Published on Iowa Farmer Today, June 24, 2017.
Farmers are master jugglers: They manage crops, maintain equipment, and market products, often while balancing a second job and family demands.
Adding a dispute with a crop insurance company is often the last thing farmers need.
That’s exactly the situation Kevin Glanz, a farmer near Manchester, Iowa, found himself in last spring.
Kevin, who also sells seed and serves on his county Farm Bureau board, has been planting cover crops for five years. Last year, Kevin’s crop insurance agent raised concerns about his cover crop planting practices.
The insurance company immediately implemented a quality control audit on Kevin, who was forced to grant the company unlimited access to his farm. Even after three in-person inspections, Kevin received a clear message that if he filed a claim in the fall, the insurance company might refuse to cover his loss due to a cover crop practice.
Kevin has since switched agents and insurance companies, and they have been much more receptive to his cover crop practices than his previous company.

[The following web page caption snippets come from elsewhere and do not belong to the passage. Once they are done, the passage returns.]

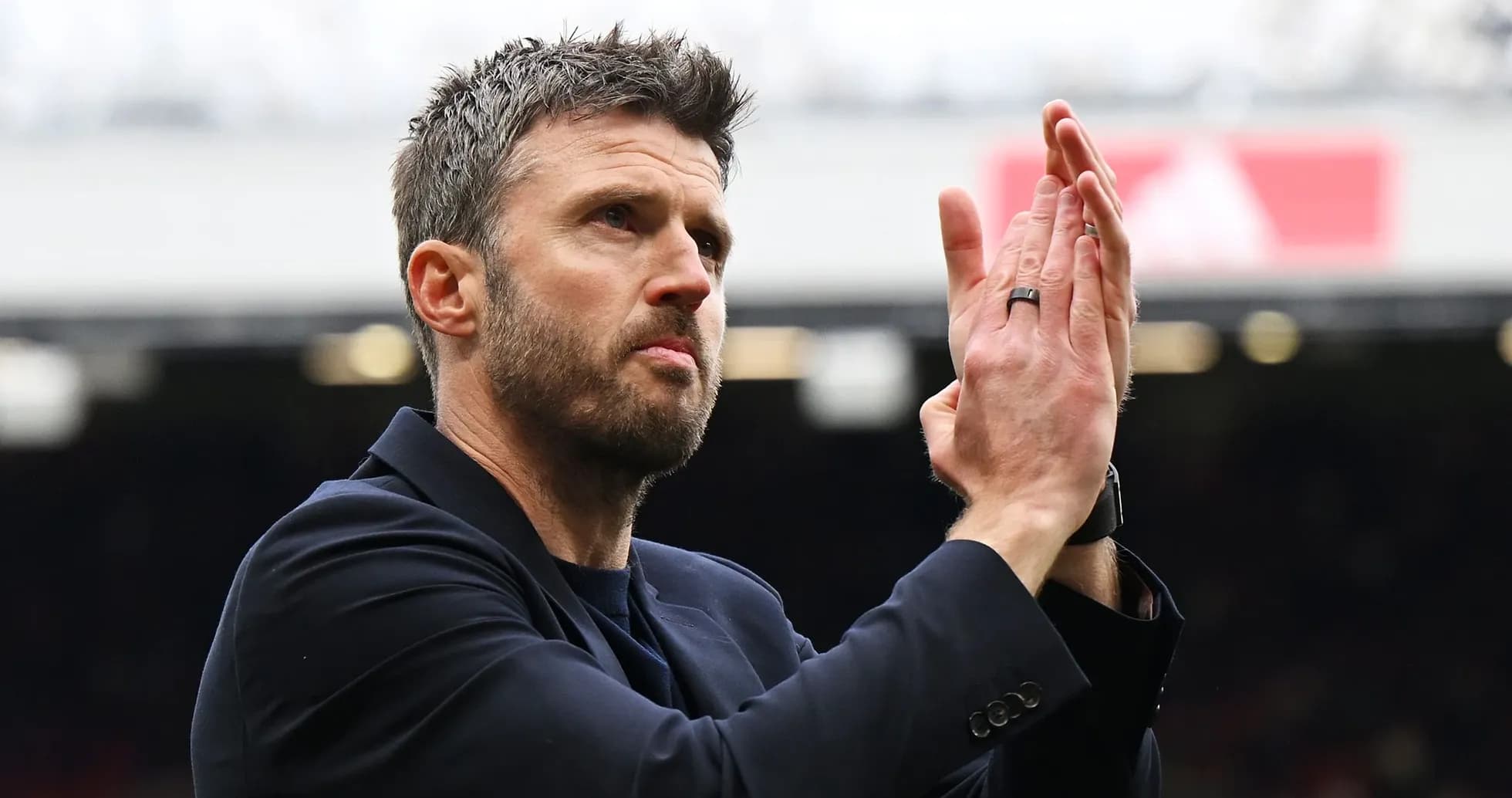 Man applauding in stadium during match
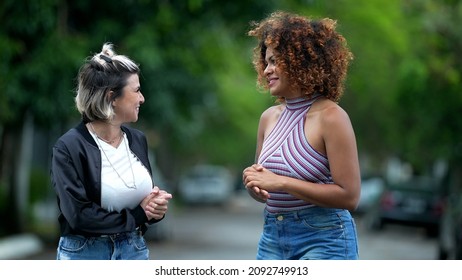 Two Happy Diverse Friends Walking Together Outside In Street Laughing And Smiling Together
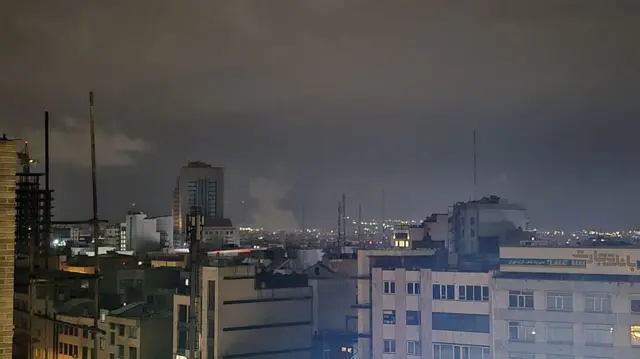 Smoke rises over buildings in an otherwise dark Tehran, Iran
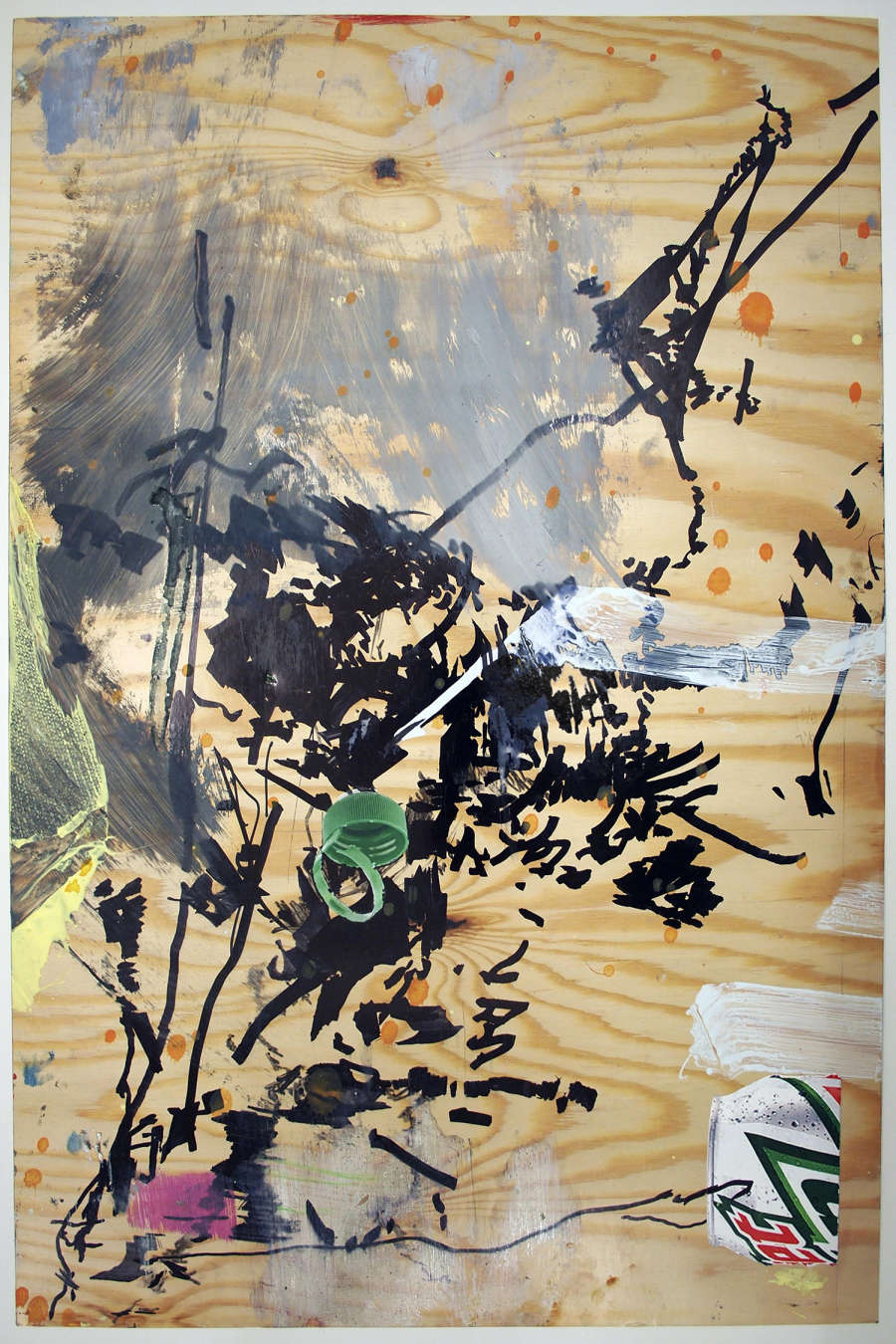 An abstract drawing depicting a series of gestural marks made by a brush. The majority of the marks are rendered in black. There is a partial cut-out of a Mountain Dew can and a bottle cap. The background resembles natural wood.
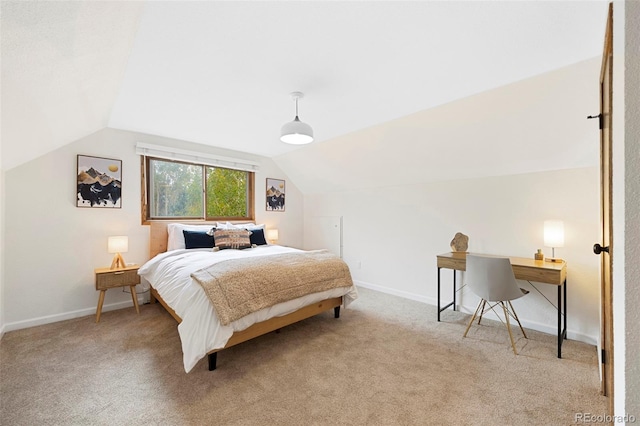 carpeted bedroom featuring vaulted ceiling and baseboards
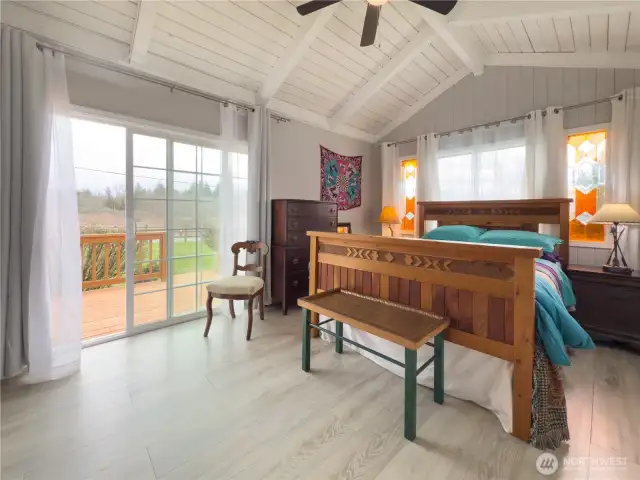 Primary suite with vaulted ceilings,, tons of natural light & slider out to nice deck that overlooks the fenced backyard.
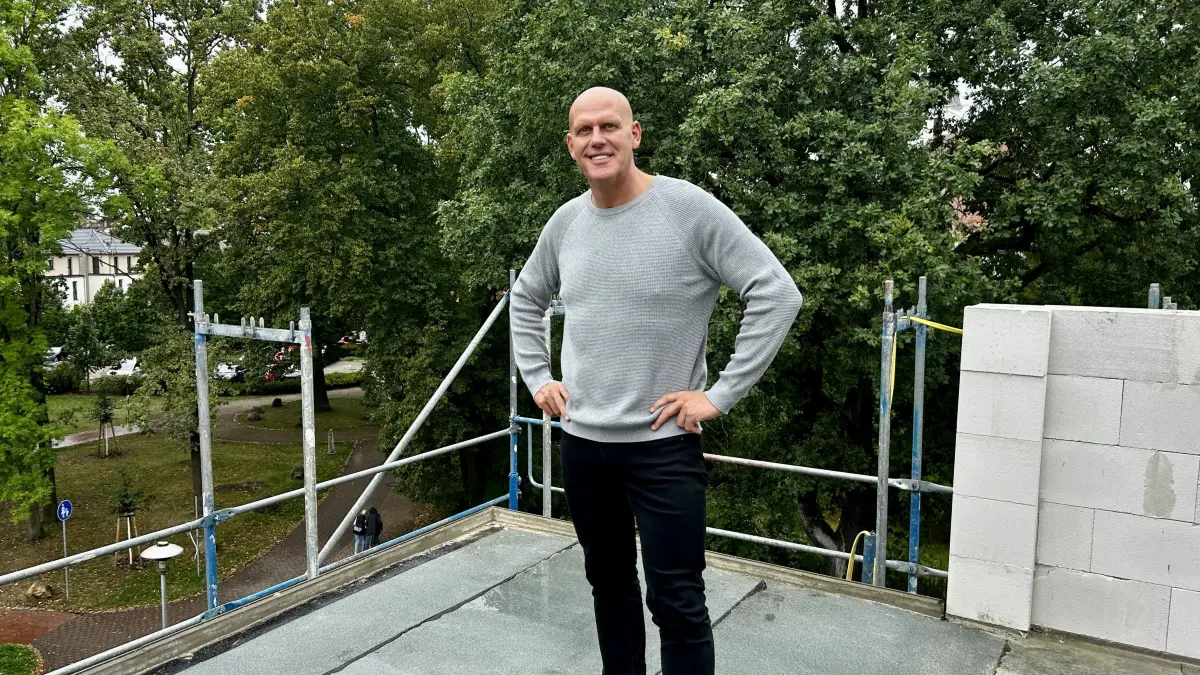 Unternehmer Veit Burmeister steht auf der Terrasse seiner Baustelle Am Fließ und genießt die Aussicht.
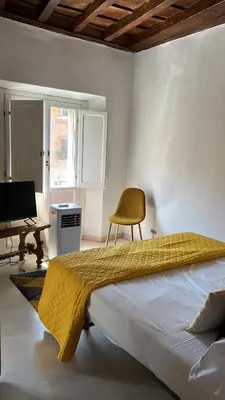 a bedroom with a bed with a yellow blanket on it at Navona Suite Rome - quite and view in Rome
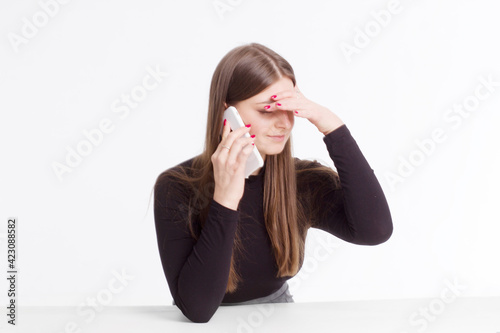 young brunette in a black jumper, sitting on a white isolated background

Crop insurance is managed by the federal government, which underwrites policies. The government also establishes Good Farming Practices to help farmers and insurance companies have a common understanding of what constitutes good management of a crop. The Good Farming Practices do not address cover crops and their conservation benefits, so the government has an additional set of guidelines that describe when farmers should terminate their cover crops before planting their main crop in order to remain eligible for crop insurance.
Even with these guidelines in place, many crop insurance companies do not have expertise in conservation. They are often still wary of how conservation activities, such as cover crops, work within a cropping system, and can therefore be reluctant to provide coverage for them.
Many farmers are also unfamiliar with planting cover crops. Trying out a new practice during a tight farm economy can seem like too high of a barrier for many. Farmers need to know that if they try a new practice, they can still depend upon their crop insurance.
Billions of taxpayer dollars go to crop insurance companies to provide products to farmers. The government spent nearly $8 billion on administering crop insurance in 2015, including support for farmers’ crop insurance bills (or premiums), the indemnities they received and reimbursement to crop insurance companies for certain expenses. ...
With Congress beginning its preliminary work on the next farm bill, we urge our elected representatives to consider policies that encourage crop insurance companies to support conservation practices such as cover crops. For example, the Risk Management Agency could integrate cover crop termination rules into the existing Good Farming Practices guidelines.
In addition, claims adjusters could be required to take continuing education classes on agronomic practices such as cover crop management. These sorts of changes would go a long way toward reducing the barriers farmers face when considering whether to plant cover crops.